▸ **WHAT TO PRODUCE**:
Give the data a second time, exactly and in full.

Data excerpts:
= Beginning of Section =

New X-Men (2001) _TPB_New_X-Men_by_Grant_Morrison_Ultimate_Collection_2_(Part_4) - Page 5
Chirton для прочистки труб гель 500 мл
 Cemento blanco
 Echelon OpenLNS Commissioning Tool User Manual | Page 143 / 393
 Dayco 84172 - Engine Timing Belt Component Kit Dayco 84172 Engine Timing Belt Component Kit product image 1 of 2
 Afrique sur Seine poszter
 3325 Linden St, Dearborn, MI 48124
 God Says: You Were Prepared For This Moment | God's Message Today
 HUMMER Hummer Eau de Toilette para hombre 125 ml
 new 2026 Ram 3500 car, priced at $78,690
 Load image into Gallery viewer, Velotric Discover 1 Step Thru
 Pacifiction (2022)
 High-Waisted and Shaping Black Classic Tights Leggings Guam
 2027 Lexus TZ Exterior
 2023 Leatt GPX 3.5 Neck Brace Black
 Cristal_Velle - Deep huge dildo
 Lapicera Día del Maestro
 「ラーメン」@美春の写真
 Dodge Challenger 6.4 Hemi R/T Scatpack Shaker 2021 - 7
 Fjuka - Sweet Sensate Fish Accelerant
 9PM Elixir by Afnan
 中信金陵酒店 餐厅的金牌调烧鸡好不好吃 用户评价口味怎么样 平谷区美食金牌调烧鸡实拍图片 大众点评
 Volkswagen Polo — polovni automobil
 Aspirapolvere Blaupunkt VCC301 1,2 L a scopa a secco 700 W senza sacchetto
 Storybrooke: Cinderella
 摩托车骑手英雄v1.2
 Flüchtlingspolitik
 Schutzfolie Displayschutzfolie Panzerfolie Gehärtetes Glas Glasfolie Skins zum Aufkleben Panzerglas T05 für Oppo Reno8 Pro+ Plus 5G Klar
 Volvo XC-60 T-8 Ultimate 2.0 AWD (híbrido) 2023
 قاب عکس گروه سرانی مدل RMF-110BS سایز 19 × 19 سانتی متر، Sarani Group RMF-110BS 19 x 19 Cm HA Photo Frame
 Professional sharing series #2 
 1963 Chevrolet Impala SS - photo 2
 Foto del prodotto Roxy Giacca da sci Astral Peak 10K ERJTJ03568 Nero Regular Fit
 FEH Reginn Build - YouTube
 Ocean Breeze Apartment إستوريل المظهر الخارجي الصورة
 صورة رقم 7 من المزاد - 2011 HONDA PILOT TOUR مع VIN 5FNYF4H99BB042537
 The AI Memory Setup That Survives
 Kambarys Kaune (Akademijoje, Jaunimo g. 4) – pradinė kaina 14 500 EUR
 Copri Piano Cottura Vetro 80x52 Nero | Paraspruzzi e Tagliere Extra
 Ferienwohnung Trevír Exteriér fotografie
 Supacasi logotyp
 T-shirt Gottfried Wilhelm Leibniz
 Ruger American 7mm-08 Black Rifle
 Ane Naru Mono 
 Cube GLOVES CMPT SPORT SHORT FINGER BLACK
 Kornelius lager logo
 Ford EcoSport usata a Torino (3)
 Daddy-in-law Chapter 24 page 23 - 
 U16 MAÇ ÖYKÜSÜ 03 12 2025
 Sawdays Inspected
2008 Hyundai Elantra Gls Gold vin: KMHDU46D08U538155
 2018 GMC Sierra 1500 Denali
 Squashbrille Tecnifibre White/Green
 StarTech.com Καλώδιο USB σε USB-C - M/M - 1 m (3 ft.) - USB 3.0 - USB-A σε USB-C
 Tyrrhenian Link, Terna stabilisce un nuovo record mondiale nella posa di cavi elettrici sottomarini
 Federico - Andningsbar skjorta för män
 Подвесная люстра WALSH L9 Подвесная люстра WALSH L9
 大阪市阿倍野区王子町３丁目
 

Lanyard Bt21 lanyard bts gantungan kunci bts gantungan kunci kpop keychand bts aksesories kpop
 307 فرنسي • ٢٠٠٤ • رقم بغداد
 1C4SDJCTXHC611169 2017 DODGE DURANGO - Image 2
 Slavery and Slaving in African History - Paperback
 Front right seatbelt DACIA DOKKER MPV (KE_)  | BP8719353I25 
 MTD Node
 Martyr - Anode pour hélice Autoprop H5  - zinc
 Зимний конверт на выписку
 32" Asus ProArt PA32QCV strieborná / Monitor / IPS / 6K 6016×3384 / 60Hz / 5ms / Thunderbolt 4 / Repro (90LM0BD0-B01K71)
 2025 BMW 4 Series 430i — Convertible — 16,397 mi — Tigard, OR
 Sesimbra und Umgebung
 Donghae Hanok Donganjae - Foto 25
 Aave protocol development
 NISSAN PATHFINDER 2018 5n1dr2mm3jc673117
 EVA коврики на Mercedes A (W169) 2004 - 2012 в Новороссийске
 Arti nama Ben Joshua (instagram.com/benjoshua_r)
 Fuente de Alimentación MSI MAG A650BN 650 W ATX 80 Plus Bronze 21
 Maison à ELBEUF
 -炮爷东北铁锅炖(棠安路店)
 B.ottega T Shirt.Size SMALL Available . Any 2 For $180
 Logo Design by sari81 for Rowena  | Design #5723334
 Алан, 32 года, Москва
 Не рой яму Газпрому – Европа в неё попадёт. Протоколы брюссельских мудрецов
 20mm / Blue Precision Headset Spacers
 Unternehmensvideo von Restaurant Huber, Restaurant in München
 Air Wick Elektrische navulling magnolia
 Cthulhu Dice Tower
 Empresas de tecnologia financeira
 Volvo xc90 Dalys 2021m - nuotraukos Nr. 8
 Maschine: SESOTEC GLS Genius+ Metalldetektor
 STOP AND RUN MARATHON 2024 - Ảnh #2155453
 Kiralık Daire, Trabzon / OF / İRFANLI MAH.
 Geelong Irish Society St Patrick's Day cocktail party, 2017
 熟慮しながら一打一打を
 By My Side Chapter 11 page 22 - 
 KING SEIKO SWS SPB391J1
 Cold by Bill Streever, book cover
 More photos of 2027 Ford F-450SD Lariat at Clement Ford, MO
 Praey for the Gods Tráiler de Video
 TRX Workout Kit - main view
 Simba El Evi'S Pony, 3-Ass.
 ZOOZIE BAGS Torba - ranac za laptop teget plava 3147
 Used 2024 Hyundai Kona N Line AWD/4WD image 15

= End of Section =

▸ **RESPONSE AREA**:
New X-Men (2001) _TPB_New_X-Men_by_Grant_Morrison_Ultimate_Collection_2_(Part_4) - Page 5
Chirton для прочистки труб гель 500 мл
 Cemento blanco
 Echelon OpenLNS Commissioning Tool User Manual | Page 143 / 393
 Dayco 84172 - Engine Timing Belt Component Kit Dayco 84172 Engine Timing Belt Component Kit product image 1 of 2
 Afrique sur Seine poszter
 3325 Linden St, Dearborn, MI 48124
 God Says: You Were Prepared For This Moment | God's Message Today
 HUMMER Hummer Eau de Toilette para hombre 125 ml
 new 2026 Ram 3500 car, priced at $78,690
 Load image into Gallery viewer, Velotric Discover 1 Step Thru
 Pacifiction (2022)
 High-Waisted and Shaping Black Classic Tights Leggings Guam
 2027 Lexus TZ Exterior
 2023 Leatt GPX 3.5 Neck Brace Black
 Cristal_Velle - Deep huge dildo
 Lapicera Día del Maestro
 「ラーメン」@美春の写真
 Dodge Challenger 6.4 Hemi R/T Scatpack Shaker 2021 - 7
 Fjuka - Sweet Sensate Fish Accelerant
 9PM Elixir by Afnan
 中信金陵酒店 餐厅的金牌调烧鸡好不好吃 用户评价口味怎么样 平谷区美食金牌调烧鸡实拍图片 大众点评
 Volkswagen Polo — polovni automobil
 Aspirapolvere Blaupunkt VCC301 1,2 L a scopa a secco 700 W senza sacchetto
 Storybrooke: Cinderella
 摩托车骑手英雄v1.2
 Flüchtlingspolitik
 Schutzfolie Displayschutzfolie Panzerfolie Gehärtetes Glas Glasfolie Skins zum Aufkleben Panzerglas T05 für Oppo Reno8 Pro+ Plus 5G Klar
 Volvo XC-60 T-8 Ultimate 2.0 AWD (híbrido) 2023
 قاب عکس گروه سرانی مدل RMF-110BS سایز 19 × 19 سانتی متر، Sarani Group RMF-110BS 19 x 19 Cm HA Photo Frame
 Professional sharing series #2 
 1963 Chevrolet Impala SS - photo 2
 Foto del prodotto Roxy Giacca da sci Astral Peak 10K ERJTJ03568 Nero Regular Fit
 FEH Reginn Build - YouTube
 Ocean Breeze Apartment إستوريل المظهر الخارجي الصورة
 صورة رقم 7 من المزاد - 2011 HONDA PILOT TOUR مع VIN 5FNYF4H99BB042537
 The AI Memory Setup That Survives
 Kambarys Kaune (Akademijoje, Jaunimo g. 4) – pradinė kaina 14 500 EUR
 Copri Piano Cottura Vetro 80x52 Nero | Paraspruzzi e Tagliere Extra
 Ferienwohnung Trevír Exteriér fotografie
 Supacasi logotyp
 T-shirt Gottfried Wilhelm Leibniz
 Ruger American 7mm-08 Black Rifle
 Ane Naru Mono 
 Cube GLOVES CMPT SPORT SHORT FINGER BLACK
 Kornelius lager logo
 Ford EcoSport usata a Torino (3)
 Daddy-in-law Chapter 24 page 23 - 
 U16 MAÇ ÖYKÜSÜ 03 12 2025
 Sawdays Inspected
2008 Hyundai Elantra Gls Gold vin: KMHDU46D08U538155
 2018 GMC Sierra 1500 Denali
 Squashbrille Tecnifibre White/Green
 StarTech.com Καλώδιο USB σε USB-C - M/M - 1 m (3 ft.) - USB 3.0 - USB-A σε USB-C
 Tyrrhenian Link, Terna stabilisce un nuovo record mondiale nella posa di cavi elettrici sottomarini
 Federico - Andningsbar skjorta för män
 Подвесная люстра WALSH L9 Подвесная люстра WALSH L9
 大阪市阿倍野区王子町３丁目
 

Lanyard Bt21 lanyard bts gantungan kunci bts gantungan kunci kpop keychand bts aksesories kpop
 307 فرنسي • ٢٠٠٤ • رقم بغداد
 1C4SDJCTXHC611169 2017 DODGE DURANGO - Image 2
 Slavery and Slaving in African History - Paperback
 Front right seatbelt DACIA DOKKER MPV (KE_)  | BP8719353I25 
 MTD Node
 Martyr - Anode pour hélice Autoprop H5  - zinc
 Зимний конверт на выписку
 32" Asus ProArt PA32QCV strieborná / Monitor / IPS / 6K 6016×3384 / 60Hz / 5ms / Thunderbolt 4 / Repro (90LM0BD0-B01K71)
 2025 BMW 4 Series 430i — Convertible — 16,397 mi — Tigard, OR
 Sesimbra und Umgebung
 Donghae Hanok Donganjae - Foto 25
 Aave protocol development
 NISSAN PATHFINDER 2018 5n1dr2mm3jc673117
 EVA коврики на Mercedes A (W169) 2004 - 2012 в Новороссийске
 Arti nama Ben Joshua (instagram.com/benjoshua_r)
 Fuente de Alimentación MSI MAG A650BN 650 W ATX 80 Plus Bronze 21
 Maison à ELBEUF
 -炮爷东北铁锅炖(棠安路店)
 B.ottega T Shirt.Size SMALL Available . Any 2 For $180
 Logo Design by sari81 for Rowena  | Design #5723334
 Алан, 32 года, Москва
 Не рой яму Газпрому – Европа в неё попадёт. Протоколы брюссельских мудрецов
 20mm / Blue Precision Headset Spacers
 Unternehmensvideo von Restaurant Huber, Restaurant in München
 Air Wick Elektrische navulling magnolia
 Cthulhu Dice Tower
 Empresas de tecnologia financeira
 Volvo xc90 Dalys 2021m - nuotraukos Nr. 8
 Maschine: SESOTEC GLS Genius+ Metalldetektor
 STOP AND RUN MARATHON 2024 - Ảnh #2155453
 Kiralık Daire, Trabzon / OF / İRFANLI MAH.
 Geelong Irish Society St Patrick's Day cocktail party, 2017
 熟慮しながら一打一打を
 By My Side Chapter 11 page 22 - 
 KING SEIKO SWS SPB391J1
 Cold by Bill Streever, book cover
 More photos of 2027 Ford F-450SD Lariat at Clement Ford, MO
 Praey for the Gods Tráiler de Video
 TRX Workout Kit - main view
 Simba El Evi'S Pony, 3-Ass.
 ZOOZIE BAGS Torba - ranac za laptop teget plava 3147
 Used 2024 Hyundai Kona N Line AWD/4WD image 15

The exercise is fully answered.